Messenger: Team Blunt Sent Reams of Documents to Smear Eckersley, Refused His Attorney's Request for Others

Tony Messenger has a column up that once again has Governor Matt Blunt's office looking like a sadsack bunch of lawbreakers that can't shoot straight.  Go read it, right now. 

The long and short of it is this: though the governor's office sent reams of unsolicited personnel materials to Messenger and others --materials intended to smear Scott Eckersley-- Eckersley's attorney was denied his sunshine request for other documents relating to his client's employment because they are "closed personnel records."
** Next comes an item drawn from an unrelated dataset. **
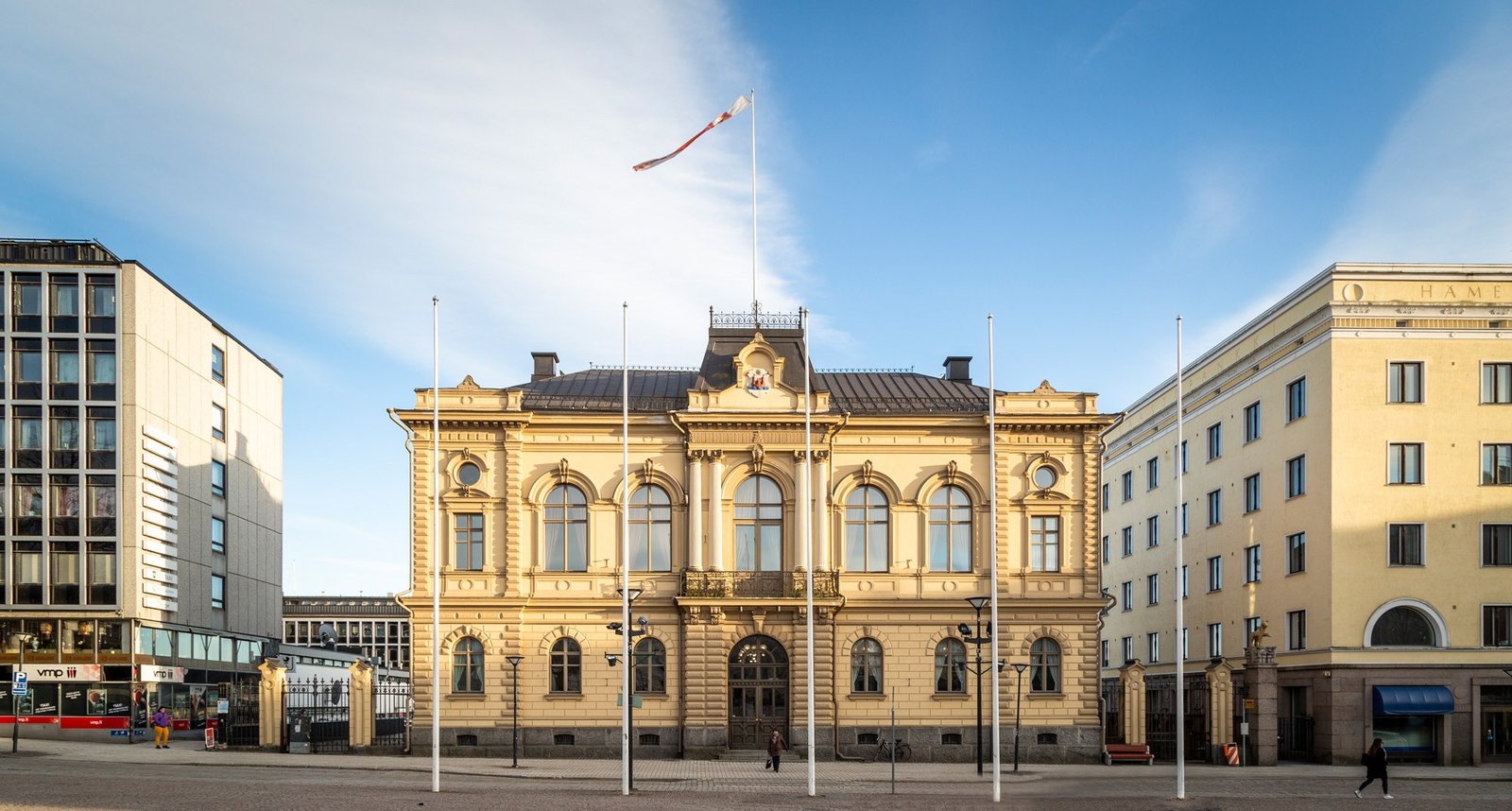 Vaalea rakennus, jonka kummallakin puolella kerrostalot. Taustalla sininen taivas.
This isn't even clever or creative corruption.  It's just simple, bullheaded insistence that the Governor and his agents are completely and unquestionably above the law.  But, as Messenger notes, this ploy itself leaves one of Blunt's own lawyers in the pinch.  He correctly surmises that if it would be against the law for an administration attorney to provide records about Eckersley's employment because they are personnel records, then it was a violation of that very same law for another Blunt attorney to have provided all sorts of documents about Eckersley to reporters and bloggers.  (Ed.note: This very point was made by FiredUp! commenter T.Kniest yesterday on this thread.)
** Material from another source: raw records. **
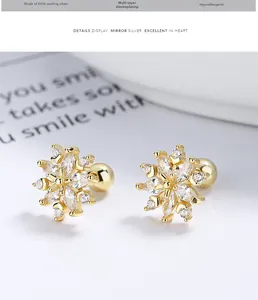 Macro detail of 925 sterling silver snowflake earrings with marquise-cut zircon stones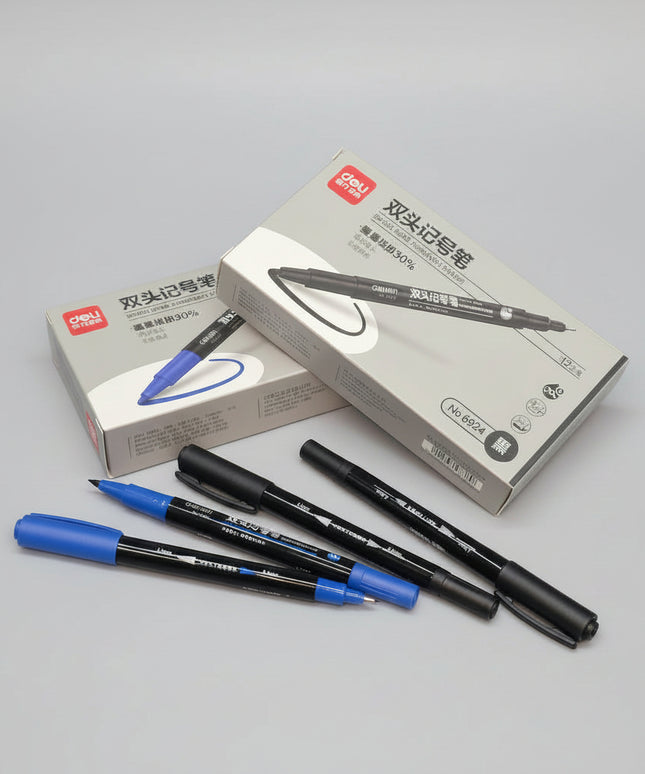 Two blue markers and two black markers with their packaging on a dark surface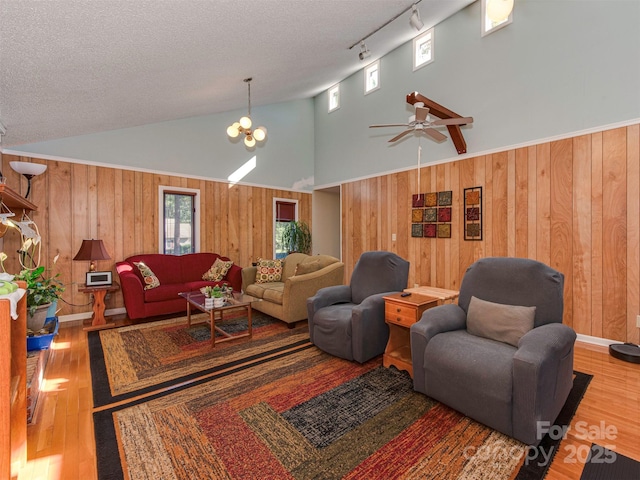 living room with ceiling fan with notable chandelier, rail lighting, a textured ceiling, and high vaulted ceiling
The question of whether Blunt and his inner circle of advisors have broken the law isn't even open for debate any more.  They have done so with such consistency and with such single-minded, outcome-driven efficiency that people of Missouri ought to be seriously frightened.  This is a government that has demonstrated its unhalting willingness to crush those who commit against it the smallest transgressions, as well as a commitment to disregarding the rule of law which exists to hem their power in.  ­

I'm sure the latest revelation of lawbreaking by Blunt and his staff will be met by a defense from paid GOP operatives and bloggers that explains why none of this matters because Scott Eckersley signed up for some website or once wrote a handwritten note to a judge.  As everyone knows, this a canard whose disguise as an excuse becomes ever less relevant with each passing minute (and which had almost no relevance to begin with).

But alas, they've nowhere else to go.  The jig is up for their guy, and they can either admit what's gone on in the Governor's office is inexcusable, or sling more meaningless mud at an innocent.  As per custom, I'm sure they'll choose the scoundrel's route.